The City of Portland purchased 32 acres from private owners in the 1940s and 1950s to assemble land between SE 88 and 92 and SE Holgate and Steele to expand Lents Park. The city prepared a central plan in 1953 to propose locations for a baseball stadium, playing fields, tennis courts, community buildings, pathways, and parking areas. Construction on the stadium began in 1956 and included lights for night games. The stadium was named for Charles B. Walker, the city's first Sports Director in 1935 who helped organize the first men's and women's softball tournaments held west of the Mississippi, and in 1950 was appointed as commissioner of the Amateur Softball Association for the Portland area.

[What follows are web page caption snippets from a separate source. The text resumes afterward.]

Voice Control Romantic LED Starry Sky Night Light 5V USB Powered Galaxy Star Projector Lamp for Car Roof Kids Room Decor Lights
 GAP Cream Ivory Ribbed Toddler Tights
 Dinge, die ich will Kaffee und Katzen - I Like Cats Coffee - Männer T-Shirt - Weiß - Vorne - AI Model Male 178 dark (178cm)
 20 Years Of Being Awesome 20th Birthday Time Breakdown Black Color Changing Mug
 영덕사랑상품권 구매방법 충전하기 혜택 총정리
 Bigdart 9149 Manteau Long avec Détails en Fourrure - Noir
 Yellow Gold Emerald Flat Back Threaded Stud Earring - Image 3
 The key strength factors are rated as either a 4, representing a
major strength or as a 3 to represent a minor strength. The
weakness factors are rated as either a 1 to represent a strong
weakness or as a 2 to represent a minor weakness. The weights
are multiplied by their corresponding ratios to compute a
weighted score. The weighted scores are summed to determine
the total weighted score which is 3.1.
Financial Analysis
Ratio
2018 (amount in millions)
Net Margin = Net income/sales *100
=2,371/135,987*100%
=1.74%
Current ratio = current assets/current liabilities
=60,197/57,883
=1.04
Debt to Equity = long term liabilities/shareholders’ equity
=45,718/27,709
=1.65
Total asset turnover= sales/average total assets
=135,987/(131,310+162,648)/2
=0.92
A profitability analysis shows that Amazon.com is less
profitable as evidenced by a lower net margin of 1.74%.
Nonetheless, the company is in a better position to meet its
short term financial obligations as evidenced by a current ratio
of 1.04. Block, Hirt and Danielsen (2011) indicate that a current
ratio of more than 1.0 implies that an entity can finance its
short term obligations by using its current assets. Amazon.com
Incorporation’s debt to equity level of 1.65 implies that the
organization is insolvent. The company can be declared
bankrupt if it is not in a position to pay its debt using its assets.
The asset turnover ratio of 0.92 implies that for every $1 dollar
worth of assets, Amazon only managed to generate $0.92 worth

In 2008, Merritt Paulson, owner of the Portland Beavers examined building an 8,000 to 9,000 seat minor league ballpark on the site of Walker Stadium for $45 million. Paulson planned to begin construction in March 2010, and the Beavers would play there in 2011. The location was eventually rejected for the Beavers due to objections from neighbors.
2016 Renovation
In March 2015, Portland and Great West League officials announced plans to renovate the stadium, adding 500 seats and concessions and complementing the city's urban renewalgoals for the Lents neighborhood. Walker Stadium was supposed to have received upgrades as part of a 1994 bond measure but other municipal projects competed for limited funding. Under the plans, the public-private partnership of the Portland Pickles, Portland Parks & Recreation, and the Portland Development Commission spent $650,000 to upgrade the city-owned ballpark with Portland's urban renewal agency paying $200,000, the parks bureau $50,000, and the baseball team $400,000. The renovations included new seating with chair-backs, new scoreboard, new dugouts, new grass, a playground, and other improvements. The team agreed to pay $200 per-game in rent with payments beginning in 2016 and annual 3.5 percent increases. The renovation was completed in June 2016 on schedule for the Pickles' first game. Portland Mayor Charlie Hales threw out the first pitch at the first game at Walker Stadium on June 10, 2016, an extra-inning loss to the Marysvale GoldSox.